THINK ON IT: Are you inadvertently cultivating sabotage or mutiny?
Sabotage. Mutiny.
Those are strong words that no leader wants to experience in their business. Or worse, contribute to its rise.
But that’s exactly what happens if you don’t have a clear goal AND a firm, frank view of reality. Lacking either and you’ve invited sabotage or mutiny of your desired future.
Unclear direction leads to mutiny—the organizational pursuit of alternative futures.
Unclear situation leads to sabotage—a weakened pursuit of the desired future.
Remember, strategic tension is formed by the drive to change your present reality into your desired future. Like the tension of a stretched rubber band, the one drives the other.

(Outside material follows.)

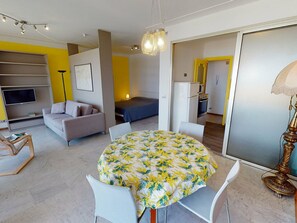A modern living room with a sofa, a dining table with a floral tablecloth, a TV, and a kitchen area with a refrigerator and microwave.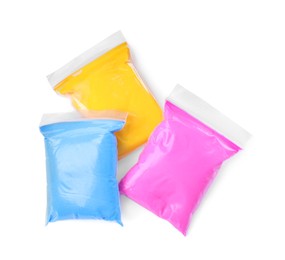 Photo of Packages of different colorful plasticine on white background, top view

When you sugarcoat reality, you relax the tension and lessen the urgency and energy to change. That’s a form of sabotage, and it’s easy to inadvertently cultivate it. Understandably, you want to inspire, create hope, or avoid hurting someone’s feelings. And so you shy away from the one thing that is needed: a clear view of reality.
Guess what? You’ve just sabotaged your strategic objective.

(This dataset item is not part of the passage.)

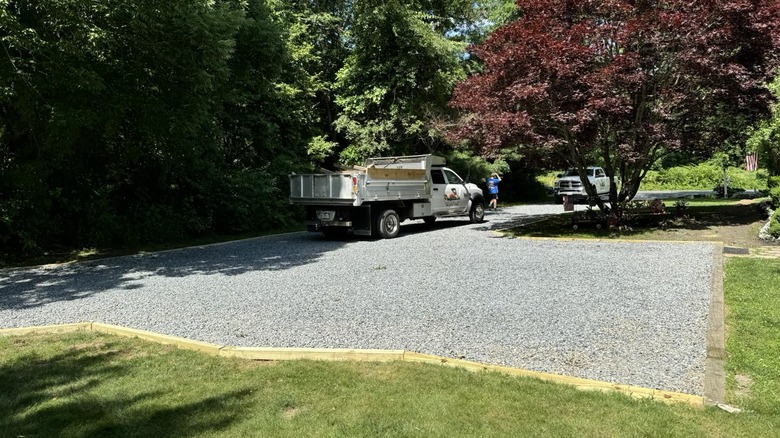 A truck parked on gravel driveway surrounded by landscaping timbers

Conversely, if you don’t have a clear strategic objective—your desired future—then that future is left open to interpretation by your team. And they go off in an alternate direction. That’s a form of mutiny.
Mutiny can occur in your organization in a couple of different ways. First, in the absence of directional clarity, team members will do what they think is best, expending effort toward their own version of the future. And it doesn’t take too many of them, each with their own version of the future, to create a form of Brownian motion and slow your momentum.
Second, when strategic goals are unclear, mutiny can also occur just from the sheer force of fatigue.
Every objective that stretches the organization will have its challenges. In the midst of them, it’s human nature—all nature, really—to take the path of least resistance. It's easier to look for other, less costly options than to remain on a path, especially when that path was unclear to begin with. Here again, as I discussed above, what’s considered a more attractive path will vary among leaders, eroding the alignment that’s so necessary to achieve a big vision.
The trouble is, even if you settle on a new path it, too, will have its challenges, inviting even more mutinous options in the future.
Clarity is the best defense against sabotage or mutiny. So, while you may have a strong view of where your business is headed and where it’s at today, check in with your team to see that they do, too.
Before they inadvertently steer the ship in another direction.